Qualifizierung der Tätigkeit eines Prüfingenieurs

von Björn Keller

Prüfingenieure, die Hauptuntersuchungen und Sicherheitsprüfungen durchführen, üben eine freiberufliche Tätigkeit im Sinne des § 18 EStG aus und erzielen somit Einkünfte aus selbständiger Arbeit. Ihrer Freiberuflichkeit steht die Mithilfe fachlich vorgebildeter Arbeitskräfte nicht entgegen, wenn sie weiterhin leitend und eigenverantwortlich gemäß § 18 Abs. 1 Nr. 1 Satz 3 EStG tätig sind.

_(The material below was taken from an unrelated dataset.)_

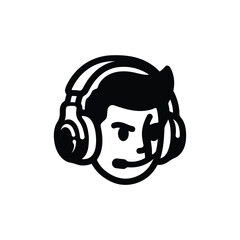 E-Sports Player Avatar Chunky Mascot Glyph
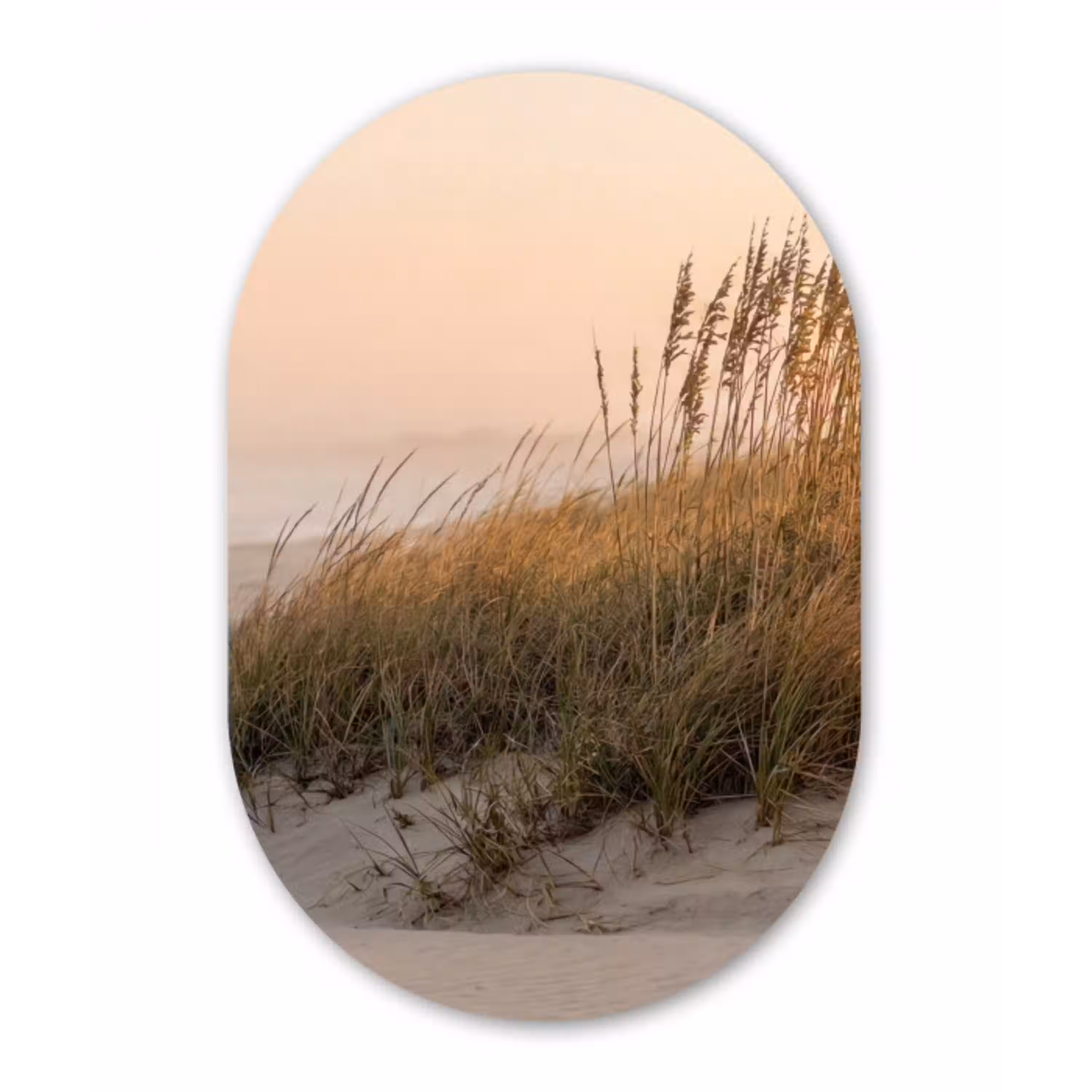 Duinlandschap - Zonsondergang - Strand Wandcirkel Ovaal Aluminium middel -3d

Hieran fehlt es jedoch, wenn beispielsweise in einer Personengesellschaft angestellte Prüfingenieure eigenständig Hauptuntersuchungen durchführen und dabei lediglich stichprobenartig überwacht werden. So entschied der Bundesfinanzhof mit seinem Urteil vom 14.05.2019 (VIII R 35/16). Im Streitfall führte die Klägerin, eine GbR, unter anderem Haupt- und Abgasuntersuchungen durch. Ihre Gesellschafter waren selbst Prüfingenieure. Den überwiegenden Teil der im Streitjahr 2009 durchgeführten Haupt- und Abgasuntersuchungen hatten allerdings drei bei der Klägerin angestellte Prüfingenieure durchgeführt. Das Finanzamt erkannte die erklärten Einkünfte aus selbständiger Tätigkeit nicht an. Nach seiner Ansicht erzielte die Klägerin gewerbliche Einkünfte und dementsprechend setzte es Gewerbesteuer fest. Dies bestätigte der Bundesfinanzhof nun in seiner Entscheidung. Er beurteilte zwar die Tätigkeit der Gesellschafter der Klägerin grundsätzlich als persönlich freiberuflich, aber nur soweit sie selbst Hauptuntersuchungen durchgeführt hatten. Eine Mithilfe fachlich vorgebildeter Arbeitskräfte gemäß § 18 Abs. 1 Nr. 1 Satz 3 EStG ist für eine freiberufliche Tätigkeit nur dann unschädlich, wenn die Teilnahme des Berufsträgers an der praktischen Arbeit in ausreichendem Umfang gewährleistet ist. Da die Klägerin allerdings den überwiegenden Teil der Prüftätigkeiten durch angestellte Prüfingenieure durchführen ließ, fehlte es an einer eigenverantwortlichen Tätigkeit der Gesellschafter. Dementsprechend ist ein selbständig tätiger Ingenieur nur eigenverantwortlich tätig, wenn die Ausführung jedes einzelnen Auftrags ihm selbst zuzurechnen ist und nicht dem (wenn auch qualifizierten) Mitarbeiter. Eine lediglich stichprobenartige Überwachung durch die Gesellschafter genügt diesen Anforderungen nicht. Die Klägerin erzielt daher insgesamt gewerbliche Einkünfte gemäß § 15 Abs. 3 Nr. 1 EStG.